Ich finde eher, dass Fächer wie Geschichte und Geografieabgespeckt werden sollten.
Mehr IT, mehr Handarbeit und vor allem mehr Philosophie.
z.Bsp. die Stoiker könnten sehr hilfreich sein.
Idee ist gut u. wichtig, aber doch nicht zulasten kreativer Fächer.
Was auch noch wichtig ist, neben dem praktischen Sinn für das handwerkliche Arbeiten, die Feinmotorik wird trainiert. Zukünftige Zahnärzte:innen, Chirurgen:innen danken. Es braucht eben alles, gute IT Kenntnisse, Socialmedia-Kompetenz und handwerkliches Können.

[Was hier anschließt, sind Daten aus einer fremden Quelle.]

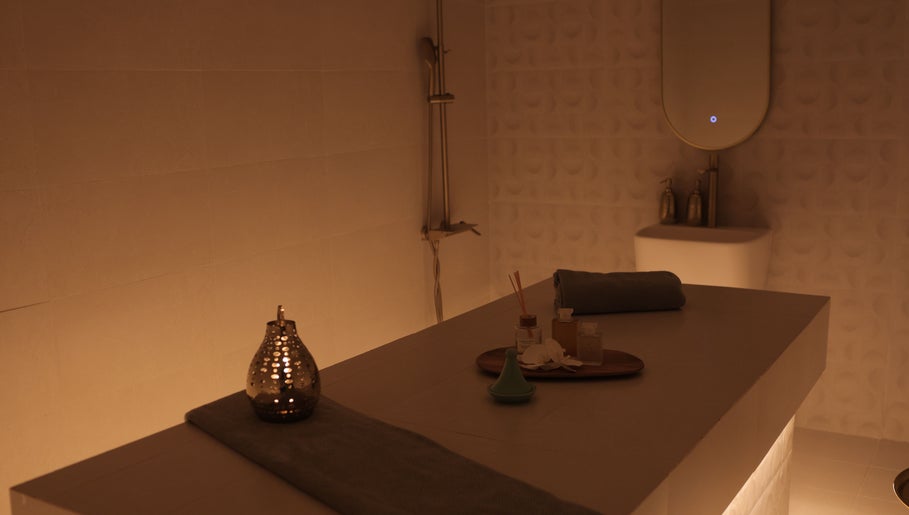 Calm Spa image 1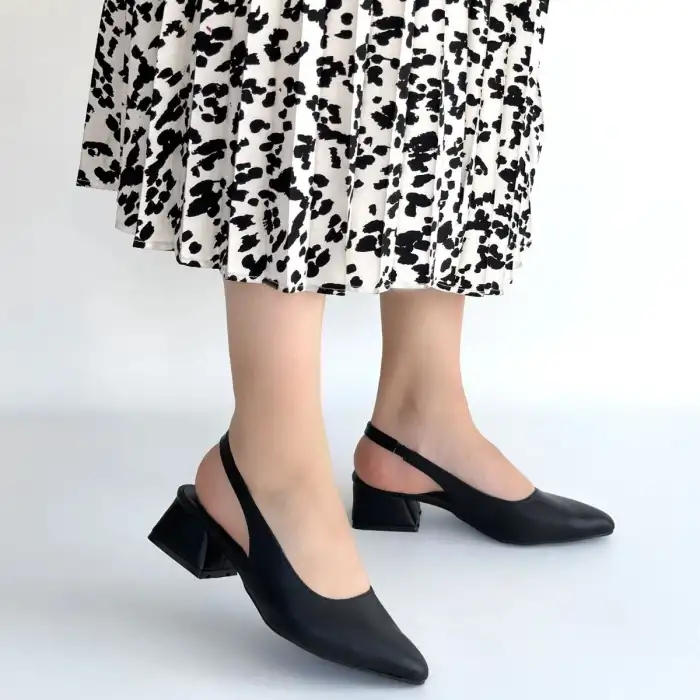 EVİA SİYAH CİLT TOPUKLU AYAKKABI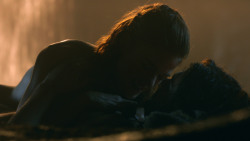 extant_GameOfThrones_3x04-KissedByFire_0960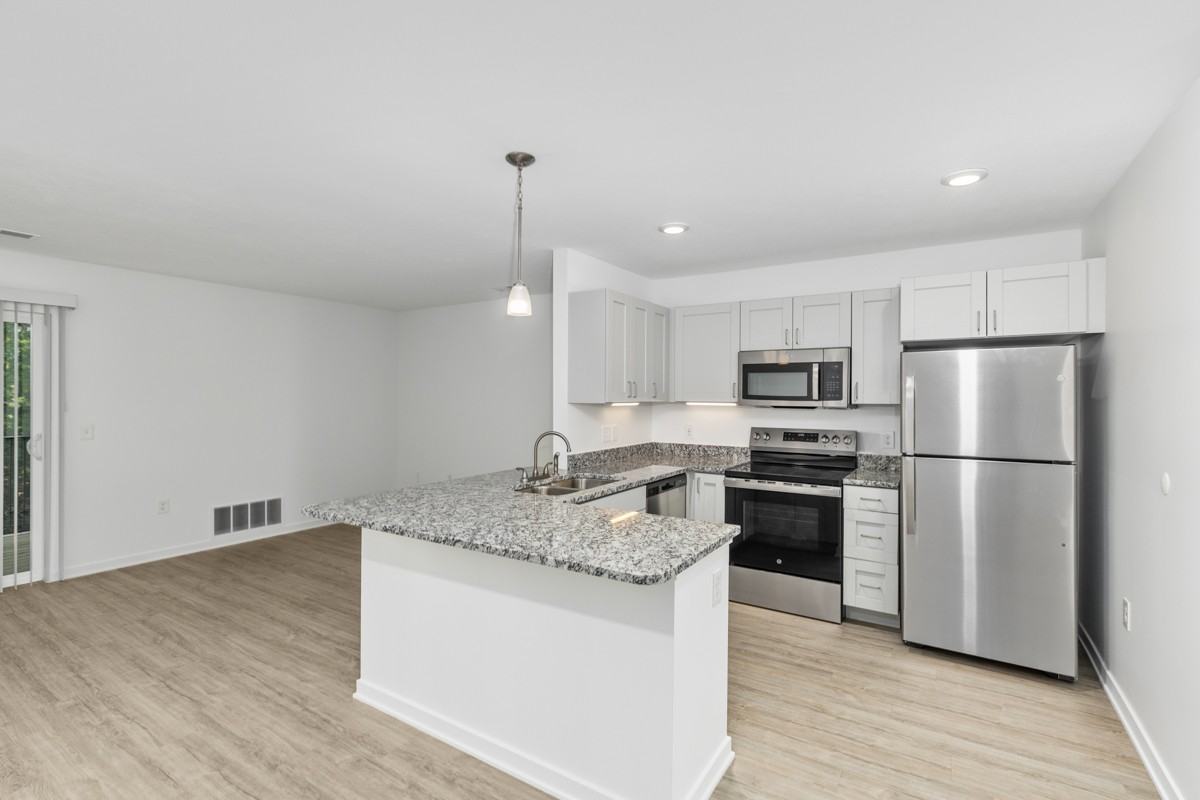 Lakeshore Flats - Photo 4 of 62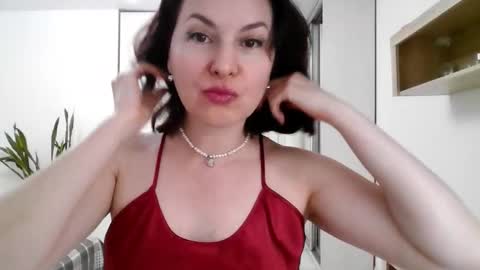 Snapshot of lavender_victoria chatting on 09.21.25 Diana online show from 09.21.25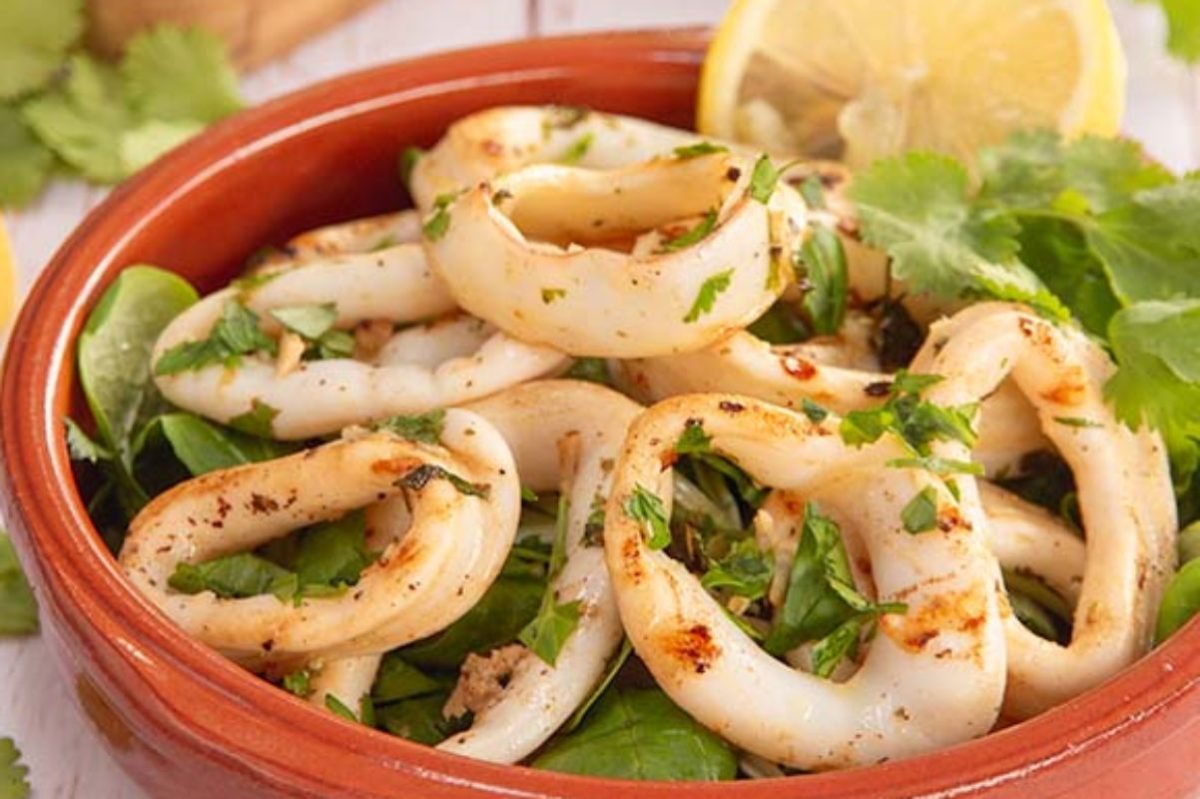 Grilled Calamari With Lemon And Cilantro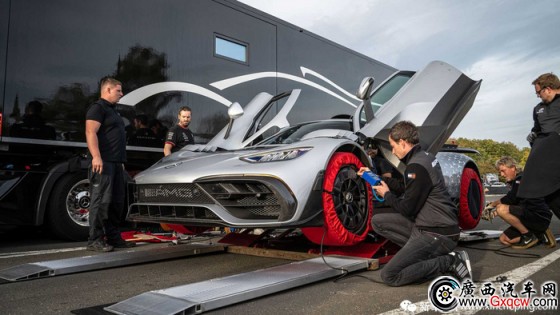 GT2 RSӛ÷ِ˹-AMG ONEɼ~a(chn)܇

Ich habe Zweifel, dass die Lehrerschaft hier etwas beibringen kann.
Finde ich nicht falsch. IT, PC, Socialmedia, online Einkaufen etc. Bergen Gefahren und müssen gelernt sein. Also: aufs Leben vorbereiten!
Hingegen ob handwerkliche Fertigkeiten vernachlässigt werden sollen-da bin ich mir nicht sicher!!!

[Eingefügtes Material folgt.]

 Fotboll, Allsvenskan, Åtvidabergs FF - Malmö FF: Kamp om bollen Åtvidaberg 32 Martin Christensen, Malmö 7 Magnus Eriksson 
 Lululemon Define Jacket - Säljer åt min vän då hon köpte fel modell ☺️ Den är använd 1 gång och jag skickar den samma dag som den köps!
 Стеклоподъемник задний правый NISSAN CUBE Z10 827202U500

Förderung der Zweisprachigkeit am Oberrhein
Ich bin gerade unterwegs an eine Sitzung des trinationalen Oberrheinrats in Strasbourg. Auch wenn dort die Sitzung simultan übersetzt wird, merke ich dort jedes Mal, das ein gewisses Verständnis der Sprache der anderen sehr wichtig ist, um sich wirklich zu begegnen und zu verstehen. Wir haben auch erst gerade im Dezember 2022 eine Resolution verabschiedet, in der wir festhalten, dass wir mit Besorgnis die Tendenz, beobachten, dass die französischsprachigen Bildungsangebote in einzelnen Gebietskörperschaften des Oberrheinraums im Rückgang sind. Wir fordern daher die Ausarbeitung eines gemeinsamen Konzepts zur Förderung der Zweisprachigkeit am Oberrhein ( vgl. https://www.oberrheinrat.org) Ich bedaure darum diese Pläne sehr.

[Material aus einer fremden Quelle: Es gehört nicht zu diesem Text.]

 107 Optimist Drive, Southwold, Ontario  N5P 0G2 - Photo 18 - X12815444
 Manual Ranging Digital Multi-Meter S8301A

Interessanterweise beobachten wir aktuell zumindest in anderen Schweizer Grenzkantonen eine Entwicklung von zweisprachigen Schulen, die mit Immersionsunterricht in einsprachigen Gebieten, die Sprache lernen. Diese Projekte könnten durchaus als Modelle für die Oberrheinregion dienen.
Nachtrag
In der heutigen Kaffeepause diskutierten wir zu Viert über diese Schulstoffänderung. Alle waren einer Meinung: es darf einfach nicht sein, dass es zulasten von Französisch, unserer Landessprache geht. Eine Person brachte die Idee auf, das Fach Religion sei zu streichen. Diese Person ist nicht gegen Religion, aber sie findet, dies sei Privatsache. So würde in den Unterstufen Platz frei für mehr Französisch, als gutes Gerüst, wenn es denn in den oberen Stufen reduziert wird. Was meint Ihr dazu???
Wichtig dabei ist, dass elementare Dinge gelernt werden, wie Bewerbungen & Umgang mit sozialen Medien, allg. Gefahren, sichere Quellen ... Sensibilisieren für alles! Das ist wichtig.
Unsere ganze Welt besteht aus IT, da müssen Jugis vorbreitet sein. Wenn sie mit iPads arbeiten, müssen sie diese ja auch irgendwie bedienen können und Social Media muss auch gelernt sein.
Unentschlossen. Schule ist auch Allgemeinbildung und nicht bloss Vorbereitung auf die Arbeitswelt.